■ **DESCRIPTION OF THE TASK**:
From the listing that follows, reproduce only the lines from the one holding "Billie Eilish Pajamas" through the one holding "Kyle Stowers All Star Baseball Caricature Fan T Shirt Kyle", both included, with no pictures.

[[ AVAILABLE RECORDS open ]]

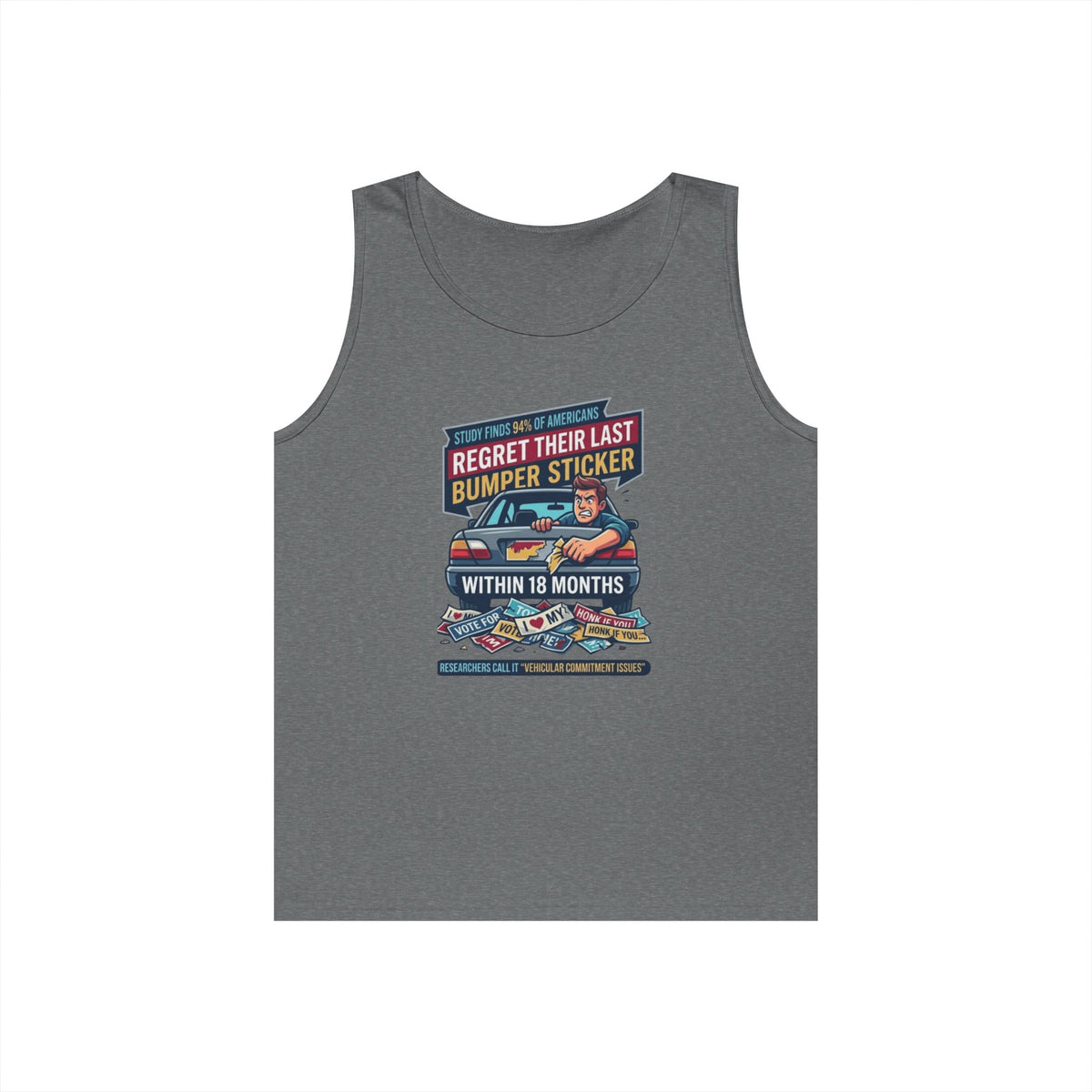 "Bumper Sticker Regret" Tank Top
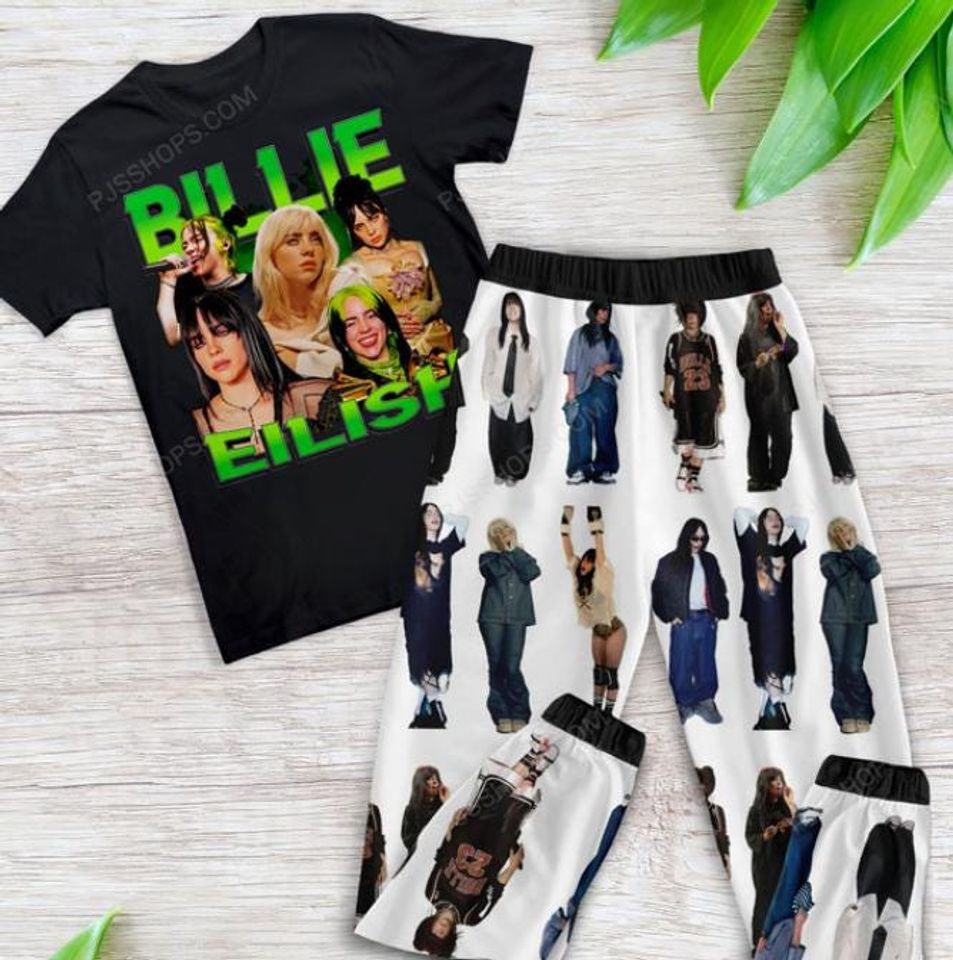 Billie Eilish Pajamas Set, Comfortable & Stylish Sleepwear for Fans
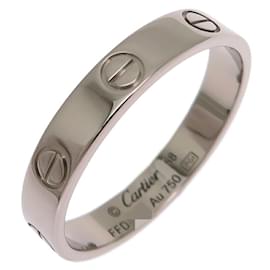 Cartier-Cartier Mini Love Men's Ring in 18K White Gold-Other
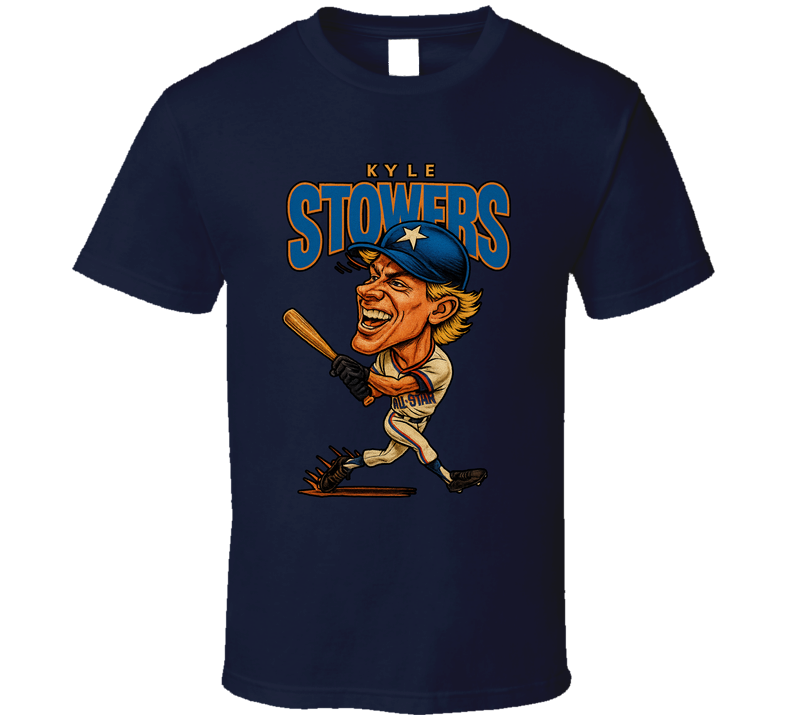 Kyle Stowers All Star Baseball Caricature Fan T Shirt Kyle Stowers All Star Baseball Caricature Fan T Shirt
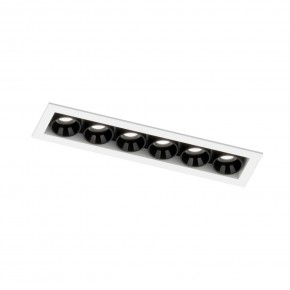 DK2514-WB Встраиваемый светильник SPACE со светодиодом L126mm 220V 10W 38° 4000К IP20 белый/черный алюминий в Копейске - kopejsk.ok-mebel.com | фото 5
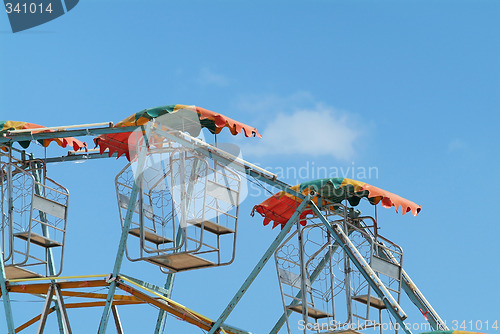 Image of Detail of empty ferris wheel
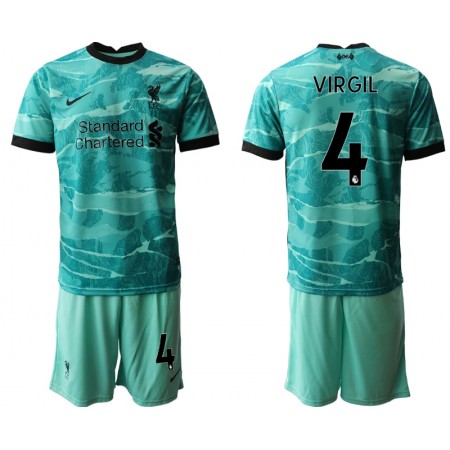 Maillot de Foot Liverpool Virgil van Dijk 4 Enfant Extérieur 2020/21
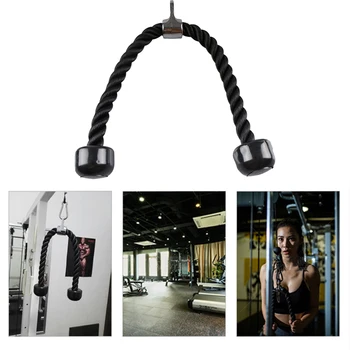 

Mounchain High Strength Gym Fitness Equipment Tricep Rope Biceps Strength Training Bodybuilding Exercise Fitness Equipment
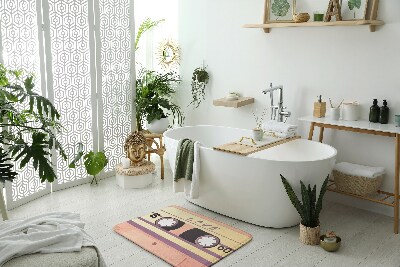 Fürdőszoba szőnyeg Retro kazetta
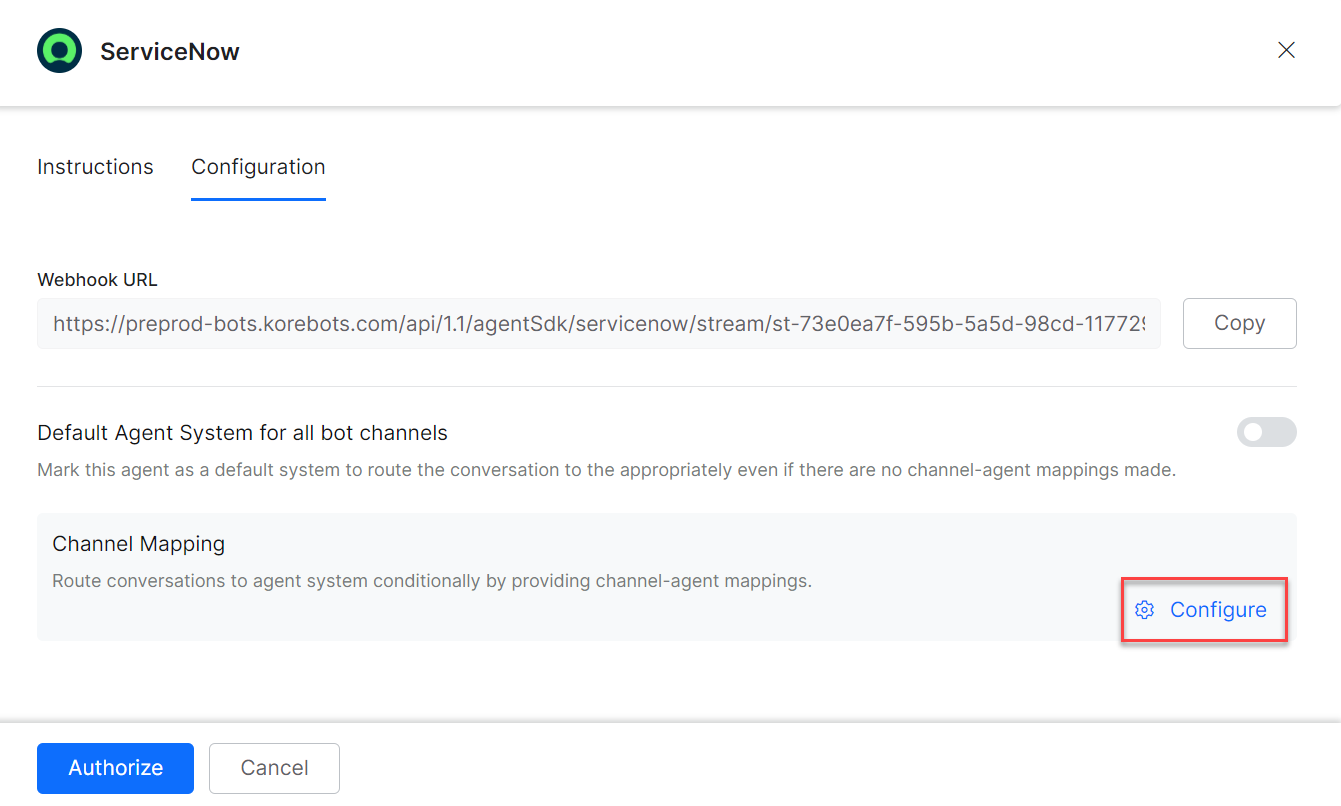 Customize channel mapping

[[ AVAILABLE RECORDS closed ]]

■ **ANSWER SPACE**:
 Billie Eilish Pajamas Set, Comfortable & Stylish Sleepwear for Fans
 Cartier-Cartier Mini Love Men's Ring in 18K White Gold-Other
 Kyle Stowers All Star Baseball Caricature Fan T Shirt Kyle Stowers All Star Baseball Caricature Fan T Shirt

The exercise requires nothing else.